I have uploaded 3 pix to My Photos.  In comparison to FIG. 8, there are no "FM tubes" on the RH side in my photo, nor is there a VR-150 at the back.  Does this help?  Thanks!

Dave

(William David Howard)

Kent King said:

Dave - Can you post a few pictures of the chassis? It may help to determine if it isn't the FM set. I'm almost certain it is an FM set (broken dial is correct). Reason is...BB443 was built on 22-Aug-1942. So your set was probably built during the summer of '42 also, making it a very late Philly after the war started. Virtually all of these sets were FM chassis. I'm also not surprised at variations: Scott built a few Phillies, Phantoms and Laureates after the WPB told companies to re-tool for the war.

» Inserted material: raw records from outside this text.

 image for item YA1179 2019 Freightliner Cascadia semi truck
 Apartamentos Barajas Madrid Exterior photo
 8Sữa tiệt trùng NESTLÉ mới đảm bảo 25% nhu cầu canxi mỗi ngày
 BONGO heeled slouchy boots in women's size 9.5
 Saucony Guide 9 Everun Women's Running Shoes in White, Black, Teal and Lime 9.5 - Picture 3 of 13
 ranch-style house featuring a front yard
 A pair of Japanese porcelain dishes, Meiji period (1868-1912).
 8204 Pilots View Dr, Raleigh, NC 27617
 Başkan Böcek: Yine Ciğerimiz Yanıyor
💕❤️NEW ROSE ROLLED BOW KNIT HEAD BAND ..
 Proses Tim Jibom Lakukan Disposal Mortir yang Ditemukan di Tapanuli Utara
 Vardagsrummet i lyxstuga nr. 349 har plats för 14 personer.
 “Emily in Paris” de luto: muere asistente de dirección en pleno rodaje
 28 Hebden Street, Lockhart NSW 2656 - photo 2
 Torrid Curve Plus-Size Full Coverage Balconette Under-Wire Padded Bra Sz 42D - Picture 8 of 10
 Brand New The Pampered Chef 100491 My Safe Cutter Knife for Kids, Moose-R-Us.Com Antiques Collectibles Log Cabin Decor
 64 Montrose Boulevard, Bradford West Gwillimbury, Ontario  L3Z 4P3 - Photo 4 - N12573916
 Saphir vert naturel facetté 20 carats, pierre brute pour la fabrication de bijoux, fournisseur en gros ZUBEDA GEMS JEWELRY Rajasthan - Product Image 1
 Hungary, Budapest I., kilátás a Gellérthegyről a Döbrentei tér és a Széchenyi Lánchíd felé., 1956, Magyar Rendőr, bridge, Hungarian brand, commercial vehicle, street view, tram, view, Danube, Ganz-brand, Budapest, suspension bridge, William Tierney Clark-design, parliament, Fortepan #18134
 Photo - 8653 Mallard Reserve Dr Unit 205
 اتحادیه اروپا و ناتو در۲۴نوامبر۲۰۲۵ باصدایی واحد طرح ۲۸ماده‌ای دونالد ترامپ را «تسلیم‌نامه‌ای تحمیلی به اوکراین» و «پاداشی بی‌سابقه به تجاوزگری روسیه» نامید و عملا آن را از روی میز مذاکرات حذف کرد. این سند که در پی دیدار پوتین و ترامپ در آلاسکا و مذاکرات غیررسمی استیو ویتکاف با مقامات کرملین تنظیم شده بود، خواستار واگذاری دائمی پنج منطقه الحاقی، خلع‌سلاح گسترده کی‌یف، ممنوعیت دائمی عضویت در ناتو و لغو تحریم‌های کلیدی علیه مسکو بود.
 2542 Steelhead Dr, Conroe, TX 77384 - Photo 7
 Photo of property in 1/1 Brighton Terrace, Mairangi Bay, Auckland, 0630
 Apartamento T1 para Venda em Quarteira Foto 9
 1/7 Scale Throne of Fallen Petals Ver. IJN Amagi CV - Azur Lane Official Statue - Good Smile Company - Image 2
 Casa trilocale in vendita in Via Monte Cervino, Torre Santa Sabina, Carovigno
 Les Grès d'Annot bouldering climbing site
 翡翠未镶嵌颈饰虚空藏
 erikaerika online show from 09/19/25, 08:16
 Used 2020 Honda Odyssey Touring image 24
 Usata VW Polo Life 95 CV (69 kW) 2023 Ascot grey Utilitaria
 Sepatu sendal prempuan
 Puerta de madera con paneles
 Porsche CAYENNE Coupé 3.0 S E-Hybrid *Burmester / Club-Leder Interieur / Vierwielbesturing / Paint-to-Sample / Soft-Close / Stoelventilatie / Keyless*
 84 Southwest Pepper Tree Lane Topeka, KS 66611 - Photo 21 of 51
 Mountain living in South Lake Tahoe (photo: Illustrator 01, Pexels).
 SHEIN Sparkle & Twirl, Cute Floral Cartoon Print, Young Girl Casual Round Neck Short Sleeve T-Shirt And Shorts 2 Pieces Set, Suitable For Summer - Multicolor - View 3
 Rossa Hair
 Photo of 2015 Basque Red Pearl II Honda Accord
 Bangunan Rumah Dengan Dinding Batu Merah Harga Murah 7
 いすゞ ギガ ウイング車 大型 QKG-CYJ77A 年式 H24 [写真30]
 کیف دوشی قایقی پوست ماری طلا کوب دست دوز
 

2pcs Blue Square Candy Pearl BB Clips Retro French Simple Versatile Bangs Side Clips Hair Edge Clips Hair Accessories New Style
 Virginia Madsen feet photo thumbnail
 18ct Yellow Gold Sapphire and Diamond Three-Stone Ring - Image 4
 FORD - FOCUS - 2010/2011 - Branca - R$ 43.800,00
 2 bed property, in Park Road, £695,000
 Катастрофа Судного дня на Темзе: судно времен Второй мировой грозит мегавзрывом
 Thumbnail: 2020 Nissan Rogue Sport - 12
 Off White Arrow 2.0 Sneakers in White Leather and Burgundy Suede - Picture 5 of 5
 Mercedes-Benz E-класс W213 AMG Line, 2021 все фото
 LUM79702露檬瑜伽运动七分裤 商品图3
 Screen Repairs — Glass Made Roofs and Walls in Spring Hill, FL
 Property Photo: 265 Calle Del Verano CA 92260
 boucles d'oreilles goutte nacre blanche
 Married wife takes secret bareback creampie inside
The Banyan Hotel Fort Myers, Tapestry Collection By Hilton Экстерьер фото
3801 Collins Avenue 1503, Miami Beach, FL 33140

They were using available parts and so there were a lot of variations in how the sets were built.

Kent

Dave:

Your Philharmonic is an AM Beam-of-Light version with logging vernier described in service literature as the revised Philharmonic.  Photos of the dial can be found at https://www.flickr.com/photos/kb1awv/sets/72157631388706840/ (scroll down).  Your chassis does not have FM.

Norman

Thanks, Norman!  That does look like my radio.  Now I know what dial glass to look for.  The DG-118D at Radio Daze sounds right, but I'll get a photo from them to be sure.